Abstract
In 2010-2011, the city of Christchurch, New Zealand was devastated by a series of powerful earthquakes, the most destructive being the 22 February 2011 M_w6.2 Christchurch Earthquake. This event resulted in 185 casualties, thousands of injuries, and widespread soil liquefaction that caused billions of dollars in damage to buildings, homes and infrastructure. Ultimately, as a result, approximately 7,500 homes have been abandoned and an estimated 80% of the structures within the Christchurch central business district have been demolished.

A network of 19 seismic recording stations in the greater Christchurch area captured an extensive and unique set of ground motions (GM) during the 2010-2011 earthquakes. Potentially, these GM can be used for back-analyses aimed at understanding the spatial variability of the ground shaking (particularly site and basin effects) during each event, followed by accurate forward-estimates aimed at quantifying the amplitude and frequency content of future design GM. However, detailed GM analyses cannot presently be conducted because little information exists on the shear wave velocity (V_s) structure of the greater-than-400-m deep interlayered alluvial sand and gravel deposits that underlie Christchurch.

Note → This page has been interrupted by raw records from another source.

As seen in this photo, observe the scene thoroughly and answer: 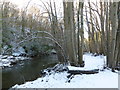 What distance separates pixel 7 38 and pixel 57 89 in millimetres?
23865

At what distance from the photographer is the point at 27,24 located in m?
34.3

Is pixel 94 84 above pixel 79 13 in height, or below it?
below

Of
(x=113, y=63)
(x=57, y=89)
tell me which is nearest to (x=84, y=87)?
(x=57, y=89)

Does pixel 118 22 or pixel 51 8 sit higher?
pixel 51 8

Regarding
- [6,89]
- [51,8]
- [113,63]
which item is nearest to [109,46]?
[113,63]

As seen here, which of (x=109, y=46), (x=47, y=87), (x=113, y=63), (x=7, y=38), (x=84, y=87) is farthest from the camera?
(x=7, y=38)

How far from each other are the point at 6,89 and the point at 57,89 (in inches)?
157

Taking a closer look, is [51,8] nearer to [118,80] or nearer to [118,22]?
[118,22]

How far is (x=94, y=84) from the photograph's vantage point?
23.1ft

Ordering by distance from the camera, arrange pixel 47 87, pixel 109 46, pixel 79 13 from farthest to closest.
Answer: pixel 79 13 < pixel 109 46 < pixel 47 87

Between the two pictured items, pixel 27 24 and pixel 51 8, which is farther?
pixel 27 24

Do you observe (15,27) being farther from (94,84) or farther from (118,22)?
(94,84)

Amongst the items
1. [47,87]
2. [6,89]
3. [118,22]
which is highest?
[118,22]

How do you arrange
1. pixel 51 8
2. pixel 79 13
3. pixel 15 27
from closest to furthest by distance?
pixel 79 13 < pixel 51 8 < pixel 15 27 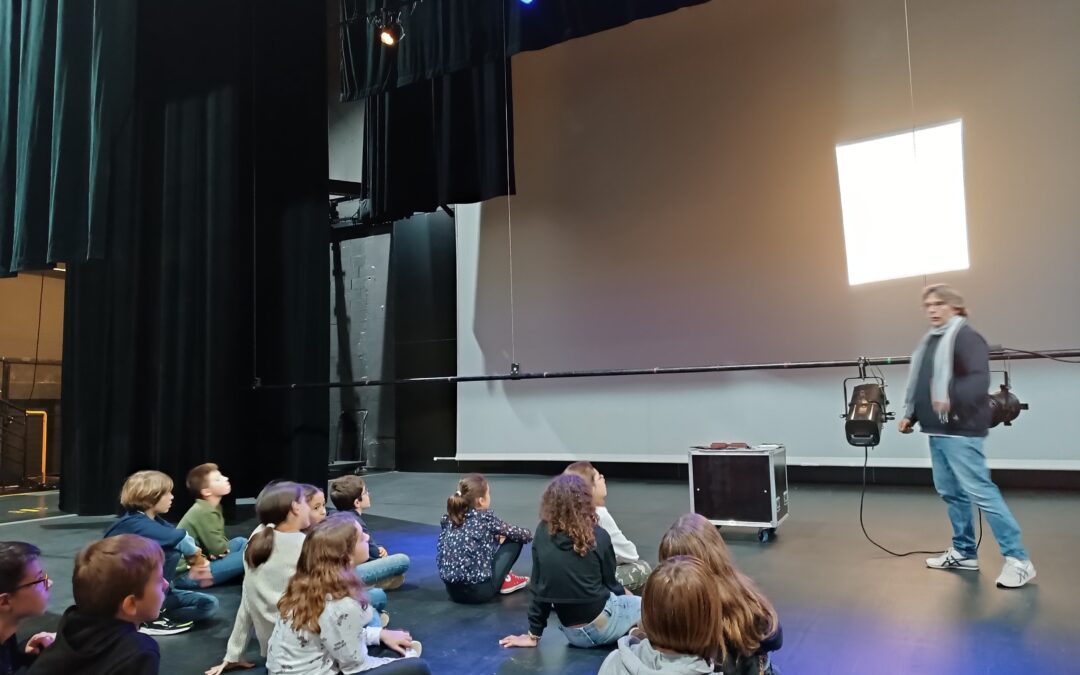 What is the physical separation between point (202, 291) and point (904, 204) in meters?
5.32

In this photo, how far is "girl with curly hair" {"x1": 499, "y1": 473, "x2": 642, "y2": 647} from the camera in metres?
2.15

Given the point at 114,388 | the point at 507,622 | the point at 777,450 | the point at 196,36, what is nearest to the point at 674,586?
the point at 507,622

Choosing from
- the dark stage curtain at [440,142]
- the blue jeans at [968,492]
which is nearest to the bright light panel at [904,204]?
the blue jeans at [968,492]

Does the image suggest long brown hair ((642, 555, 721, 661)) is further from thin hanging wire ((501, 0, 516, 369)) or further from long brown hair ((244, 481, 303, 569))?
thin hanging wire ((501, 0, 516, 369))

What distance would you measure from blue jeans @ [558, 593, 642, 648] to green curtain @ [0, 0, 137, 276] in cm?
408

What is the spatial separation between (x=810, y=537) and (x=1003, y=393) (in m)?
1.37

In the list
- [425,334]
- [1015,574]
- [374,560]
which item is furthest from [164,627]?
[425,334]

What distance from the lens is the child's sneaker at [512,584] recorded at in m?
2.96

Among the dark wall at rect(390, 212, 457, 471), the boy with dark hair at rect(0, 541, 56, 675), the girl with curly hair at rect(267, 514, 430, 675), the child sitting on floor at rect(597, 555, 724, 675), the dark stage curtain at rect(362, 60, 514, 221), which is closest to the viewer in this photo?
the child sitting on floor at rect(597, 555, 724, 675)

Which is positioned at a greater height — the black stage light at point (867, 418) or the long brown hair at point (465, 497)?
the black stage light at point (867, 418)

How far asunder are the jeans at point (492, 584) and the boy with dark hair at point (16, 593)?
5.15ft

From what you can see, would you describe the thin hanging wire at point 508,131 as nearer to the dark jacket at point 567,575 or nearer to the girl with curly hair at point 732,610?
the dark jacket at point 567,575

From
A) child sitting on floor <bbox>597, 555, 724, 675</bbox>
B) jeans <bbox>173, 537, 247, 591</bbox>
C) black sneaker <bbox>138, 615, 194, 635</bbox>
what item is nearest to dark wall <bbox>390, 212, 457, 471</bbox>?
jeans <bbox>173, 537, 247, 591</bbox>

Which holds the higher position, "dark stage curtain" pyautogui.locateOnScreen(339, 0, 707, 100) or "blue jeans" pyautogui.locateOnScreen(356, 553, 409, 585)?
"dark stage curtain" pyautogui.locateOnScreen(339, 0, 707, 100) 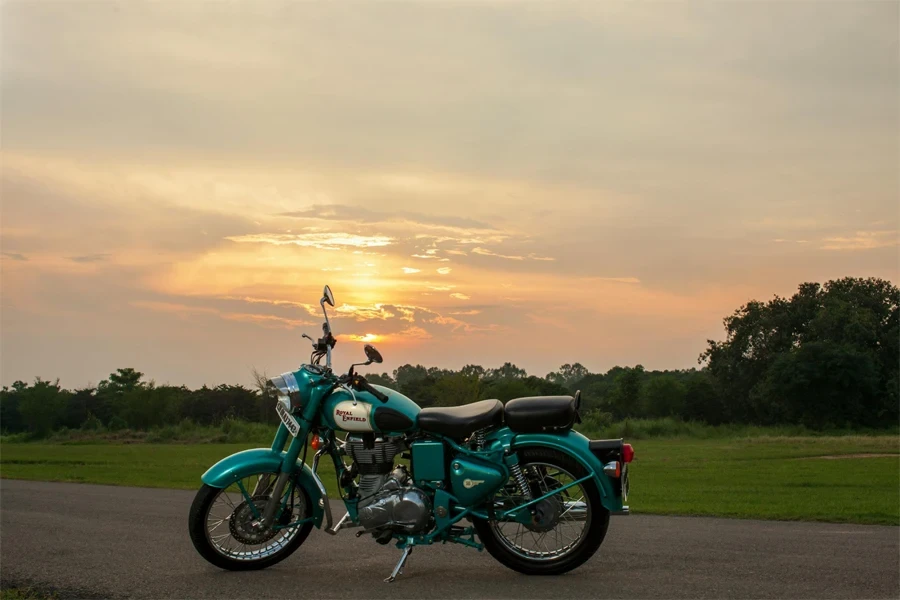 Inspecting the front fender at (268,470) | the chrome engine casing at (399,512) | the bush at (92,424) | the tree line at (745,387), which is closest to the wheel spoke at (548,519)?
the chrome engine casing at (399,512)

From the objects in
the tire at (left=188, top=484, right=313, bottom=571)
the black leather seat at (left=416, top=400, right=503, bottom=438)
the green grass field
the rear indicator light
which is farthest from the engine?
the green grass field

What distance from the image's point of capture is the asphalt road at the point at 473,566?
702cm

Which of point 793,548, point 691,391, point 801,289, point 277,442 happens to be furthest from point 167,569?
point 801,289

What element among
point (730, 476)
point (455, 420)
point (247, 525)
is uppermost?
point (455, 420)

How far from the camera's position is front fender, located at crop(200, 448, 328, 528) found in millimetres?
7945

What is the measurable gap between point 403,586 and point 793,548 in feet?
13.1

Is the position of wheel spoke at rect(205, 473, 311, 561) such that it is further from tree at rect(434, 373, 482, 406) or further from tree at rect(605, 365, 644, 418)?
tree at rect(605, 365, 644, 418)

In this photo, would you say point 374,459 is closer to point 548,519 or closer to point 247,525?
point 247,525

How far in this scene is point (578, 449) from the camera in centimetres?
760

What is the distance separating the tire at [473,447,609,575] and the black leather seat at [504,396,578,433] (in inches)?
8.1

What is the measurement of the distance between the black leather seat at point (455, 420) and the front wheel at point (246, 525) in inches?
53.5

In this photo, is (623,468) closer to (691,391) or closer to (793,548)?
(793,548)

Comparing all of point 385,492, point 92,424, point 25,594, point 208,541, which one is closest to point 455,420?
point 385,492

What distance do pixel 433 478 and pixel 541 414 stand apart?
105 cm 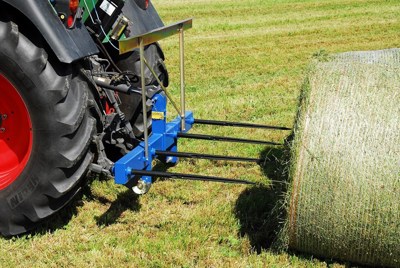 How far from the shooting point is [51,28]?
10.4ft

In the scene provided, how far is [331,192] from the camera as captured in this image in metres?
2.92

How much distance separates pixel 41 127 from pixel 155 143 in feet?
2.97

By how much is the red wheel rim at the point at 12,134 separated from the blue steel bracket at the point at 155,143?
595 mm

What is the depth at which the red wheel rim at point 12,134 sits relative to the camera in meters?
3.51

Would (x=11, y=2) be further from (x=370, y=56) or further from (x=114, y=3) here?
(x=370, y=56)

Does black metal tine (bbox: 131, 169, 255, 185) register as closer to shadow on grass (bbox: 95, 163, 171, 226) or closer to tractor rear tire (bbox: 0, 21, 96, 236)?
shadow on grass (bbox: 95, 163, 171, 226)

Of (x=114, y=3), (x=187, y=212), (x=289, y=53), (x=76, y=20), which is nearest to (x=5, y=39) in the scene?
(x=76, y=20)

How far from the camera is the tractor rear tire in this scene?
3.24 meters

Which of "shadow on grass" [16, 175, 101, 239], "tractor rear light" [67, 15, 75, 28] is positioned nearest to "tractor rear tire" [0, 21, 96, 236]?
"shadow on grass" [16, 175, 101, 239]

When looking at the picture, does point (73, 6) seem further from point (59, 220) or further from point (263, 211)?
point (263, 211)

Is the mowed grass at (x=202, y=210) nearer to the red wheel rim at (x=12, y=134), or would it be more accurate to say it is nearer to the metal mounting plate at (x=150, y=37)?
the red wheel rim at (x=12, y=134)

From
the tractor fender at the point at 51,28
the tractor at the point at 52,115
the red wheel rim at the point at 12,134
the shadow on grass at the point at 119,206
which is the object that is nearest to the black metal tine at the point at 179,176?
the tractor at the point at 52,115

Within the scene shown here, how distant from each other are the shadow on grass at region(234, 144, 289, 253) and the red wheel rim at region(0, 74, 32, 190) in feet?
4.90

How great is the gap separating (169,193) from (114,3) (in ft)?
4.98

My research team recently conducted deep V_s profiling at 15 strategic locations throughout Christchurch with the goal of developing a seismic velocity model for the Canterbury basin. The deep V_s profiling was performed using a combination of large active-source and ambient-wavefield surface wave testing. The dispersion estimates from the active-source and ambient-wavefield data at each site were combined to produce an inter-method composite dispersion curve with associated data uncertainty bounds. After which, the open-source software package Geopsy was used to perform a multi-mode, joint inversion of the dispersion data, the SPAC curves and the peak frequency of the mean horizontal-to-vertical (H/V) spectral ratio curve for the site. Rather than providing a single, deterministic V_s profile for each site, these inversions have been used to provide a suite of profiles that fit the experimental data equally well, given the estimated data uncertainty. While results are still preliminary, this work has resulted in V_s profiles that extend a minimum of several hundred meters and a maximum of greater than 1km below the ground surface. This research has more than tripled the available comparisons between large active-source and ambient-wavefield surface wave methods utilized for deep V_s profiling. These comparisons are needed before confidence in utilizing passive-wavefield methods independently can be achieved.